Berlin nie wywiązał się ze zobowiązań wobec ofiar terroryzmu
Pełnomocnik niemieckiego rządu Kurt Beck zamiast jak najszybciej załatwić sprawę odszkodowań dla Ariela Żurawskiego, właściciela ciężarówki ukradzionej, a następnie wykorzystanej do zamachu terrorystycznego w Berlinie, unika z nim spotkania - informuje "Gazeta Polska Codziennie".
24.10.2017 05:34
Do zamachu doszło 16 grudnia podczas jarmarku bożonarodzeniowego; terrorysta wjechał w tłum zabijając 11 osób i raniąc 50. Odpowiedzialność za zamach wzięło na siebie Państwo Islamskie; a zamachowiec został zastrzelony kilka dni później w Mediolanie.

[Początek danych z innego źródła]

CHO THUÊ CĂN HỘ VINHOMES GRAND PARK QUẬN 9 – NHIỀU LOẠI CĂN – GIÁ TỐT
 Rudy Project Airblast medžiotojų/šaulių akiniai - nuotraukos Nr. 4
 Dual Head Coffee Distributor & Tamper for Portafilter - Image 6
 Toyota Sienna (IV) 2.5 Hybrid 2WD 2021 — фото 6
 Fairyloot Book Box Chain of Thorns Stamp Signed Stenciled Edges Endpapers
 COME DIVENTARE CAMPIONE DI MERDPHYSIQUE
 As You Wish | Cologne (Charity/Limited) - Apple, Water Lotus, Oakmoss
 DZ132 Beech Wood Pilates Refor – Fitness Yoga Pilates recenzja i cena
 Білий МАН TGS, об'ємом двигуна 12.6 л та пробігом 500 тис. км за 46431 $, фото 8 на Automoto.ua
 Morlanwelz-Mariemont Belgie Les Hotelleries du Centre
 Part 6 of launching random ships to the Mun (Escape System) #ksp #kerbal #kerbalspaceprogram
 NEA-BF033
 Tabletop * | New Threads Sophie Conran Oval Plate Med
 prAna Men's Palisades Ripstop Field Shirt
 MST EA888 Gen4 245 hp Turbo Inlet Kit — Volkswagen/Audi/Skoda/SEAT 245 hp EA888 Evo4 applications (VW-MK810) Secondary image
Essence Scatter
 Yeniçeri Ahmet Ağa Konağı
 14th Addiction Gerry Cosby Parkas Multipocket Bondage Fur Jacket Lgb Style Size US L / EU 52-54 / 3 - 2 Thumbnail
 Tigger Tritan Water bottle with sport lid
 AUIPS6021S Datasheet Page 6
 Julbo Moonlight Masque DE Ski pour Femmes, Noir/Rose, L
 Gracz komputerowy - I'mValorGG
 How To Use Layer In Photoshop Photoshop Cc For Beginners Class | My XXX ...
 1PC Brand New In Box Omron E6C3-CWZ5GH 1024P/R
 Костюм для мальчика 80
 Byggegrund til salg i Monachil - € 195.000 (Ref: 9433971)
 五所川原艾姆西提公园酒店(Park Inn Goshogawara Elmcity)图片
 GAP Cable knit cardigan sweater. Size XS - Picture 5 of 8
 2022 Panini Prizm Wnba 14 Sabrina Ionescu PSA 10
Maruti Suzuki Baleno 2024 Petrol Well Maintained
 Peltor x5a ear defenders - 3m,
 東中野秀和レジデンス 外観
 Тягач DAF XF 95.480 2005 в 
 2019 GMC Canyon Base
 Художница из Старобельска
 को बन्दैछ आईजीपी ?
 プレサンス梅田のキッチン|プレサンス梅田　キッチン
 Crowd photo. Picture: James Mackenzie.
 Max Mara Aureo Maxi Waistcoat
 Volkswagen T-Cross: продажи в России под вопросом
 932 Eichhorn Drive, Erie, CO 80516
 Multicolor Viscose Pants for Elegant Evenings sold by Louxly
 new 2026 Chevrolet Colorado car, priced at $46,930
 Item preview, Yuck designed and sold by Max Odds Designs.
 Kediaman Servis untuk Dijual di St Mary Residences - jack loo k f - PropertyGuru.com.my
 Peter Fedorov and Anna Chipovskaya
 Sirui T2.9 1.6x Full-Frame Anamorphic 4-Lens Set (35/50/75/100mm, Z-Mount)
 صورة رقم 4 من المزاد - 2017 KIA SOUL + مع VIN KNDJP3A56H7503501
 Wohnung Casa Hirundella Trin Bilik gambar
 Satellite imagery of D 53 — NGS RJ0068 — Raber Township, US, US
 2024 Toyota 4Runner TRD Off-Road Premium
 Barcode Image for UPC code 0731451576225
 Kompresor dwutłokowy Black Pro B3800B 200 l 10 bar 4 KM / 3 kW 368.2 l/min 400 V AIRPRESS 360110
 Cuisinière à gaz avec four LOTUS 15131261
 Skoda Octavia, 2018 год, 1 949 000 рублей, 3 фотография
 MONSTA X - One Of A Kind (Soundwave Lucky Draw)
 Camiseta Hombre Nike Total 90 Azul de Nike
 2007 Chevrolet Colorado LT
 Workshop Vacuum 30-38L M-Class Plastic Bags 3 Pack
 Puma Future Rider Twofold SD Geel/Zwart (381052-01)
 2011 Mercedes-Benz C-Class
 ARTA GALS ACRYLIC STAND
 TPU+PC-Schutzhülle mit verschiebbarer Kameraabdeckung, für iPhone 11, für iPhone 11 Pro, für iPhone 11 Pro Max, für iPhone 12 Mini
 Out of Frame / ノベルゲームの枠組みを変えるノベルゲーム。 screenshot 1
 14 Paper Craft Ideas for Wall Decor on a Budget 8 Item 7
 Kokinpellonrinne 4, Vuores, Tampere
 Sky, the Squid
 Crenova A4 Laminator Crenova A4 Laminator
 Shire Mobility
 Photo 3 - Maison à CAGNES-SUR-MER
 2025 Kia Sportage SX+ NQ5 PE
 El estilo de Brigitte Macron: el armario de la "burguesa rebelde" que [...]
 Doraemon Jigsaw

40-tonowa ciężarówka była własnością firmy transportowej należącej do Ariela Żurawskiego. Gazeta przypomina, że po zamachu niemiecka policja przetrzymywała samochód przez wiele miesięcy, choć przedsiębiorca poniósł z tego tytułu poważne straty, do dziś nie dostał odszkodowania. Jego interesy reprezentuje berliński adwokat Stefan Hambura, który w rozmowie z "GPC" mówi, że on i jego klient "mieli problem, by pełnomocnik niemieckiego rządu Kurt Beck wyznaczył im spotkanie".
- Okazuje się, że pan Kurt Beck jest także przewodniczącym należącej do SPD Fundacji Eberta i brakuje mu czasu na spotkanie z poszkodowanym. Uważam, że rząd federalny nie wywiazał się do końca ze swoich obowiązków, bo pełnomocnik powinien być osiągalny codziennie, a nie pracować jedynie z doskoku. To nie jest najlepsza forma pomocy ofiarom zamachu - podkreśla Hambura w rozmowie z gazetą i dodaje, że ostatecznie do spotkania dojdzie w środę.
- Mam nadzieje, że usłyszymy konkretne propozycje - mówi gazecie Hambura i podkreśla, że "jego mocodawca uważa, że stroną, która powinna wyrównać jego straty, jest Republika Federalna Niemiec".